We thank Dr. Thiruvenkatarajan et al. (1) for their interest in our article (2). In developing the reference interval for blood ketone concentrations, we used the widely cited approved recommendation from the International Federation of Clinical Chemistry (IFCC) Expert Panel for dealing with nonparametric data by using the central 95% of the data set (3). We have strong concerns that referencing an opinion piece published in the WikiJournal of Medicine should form the basis for departing from this internationally accepted methodology for establishing reference intervals.

The cutoff for β-hydroxybutyrate concentrations of >1.0 mmol/L is not evidence-based. This was the very reason we undertook our study. Many colonoscopies are carried out in day procedure centers where there is no access to on-site blood gas analyzers or expertise for dextrose-insulin infusions. If the ketone concentration cutoff of >1.0 mmol/L is used, a significant proportion of people would have their procedure canceled, given that 9% of normoglycemic individuals and 24% of sodium–glucose cotransporter 2 inhibitor (SGLT2i)-treated participants in our study had ketone levels >1.0 mmol/L. The very small risk of diabetic ketoacidosis (DKA) in SGLT2i-treated people undergoing colonoscopy must be balanced by potential delays in detecting and treating colorectal cancer. This is a real concern, given that a recent population-based study showed prediagnostic colonoscopies are associated with 17% lower risk of death from colorectal cancer (4).

Regarding the authors’ previous publication (5), we note that ketone concentrations ranged from 2.9 to 5.2 mmol/L in all three of their reported SGLT2i-treated colonoscopy cases in which the biochemistry completely supported the diagnostic criteria of DKA (pH ≤7.30 and bicarbonate ≤18 mEq/L) (6), well above the upper limit of 1.7 mmol/L for the normal reference range defined in our article.

We agree that people treated with SGLT2i need to be carefully evaluated for the small risk of DKA. However, it is also important to be aware that it is normal to have ketone concentrations up to 1.7 mmol/L in the context of colonoscopy preparation. We recommend blood gas analysis of all SGLT2i-treated patients with ketone levels above 1.7 mmol/L at the time of colonoscopy. While it may be confusing to have different ketone cutoff levels for colonoscopy versus surgical procedures, this is the first evidence-based study to define what is normal at the time of colonoscopy. We agree that further studies are required to establish ketone cutoff levels for noncolonoscopy procedures, which are currently based only on expert opinion. Taken together, we advocate ketone cutoff levels for colonoscopy be determined by the evidence we presented in our multicenter prospective study instead of expert opinion for the sake of consistency.

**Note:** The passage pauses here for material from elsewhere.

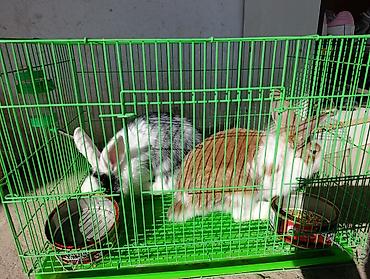 ак коён: Кролики декоративные (пара) - Окрас: один бело-рыжий, второй — 3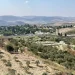 ما خطورة وجود بؤر استيطانية ذات طابع عسكري في غزة وماذا تعني هذه الخطوة  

Duality of Interest. L.A.B. was an investigator in DECLARE-TIMI 58. E.I.E.’s institution has received research funding from Novo Nordisk, Sanofi, Eli Lilly, Gilead, and Bayer. E.I.E. has served on the advisory boards of Sanofi, Eli Lilly, and Pfizer, with the consultancy fees for these donated toward diabetes research at E.I.E.’s institution. E.I.E. has received a travel grant from Boehringer to attend an American Diabetes Association virtual conference. R.W. has received speaker fees from Amgen. No other potential conflicts of interest relevant to this article were reported.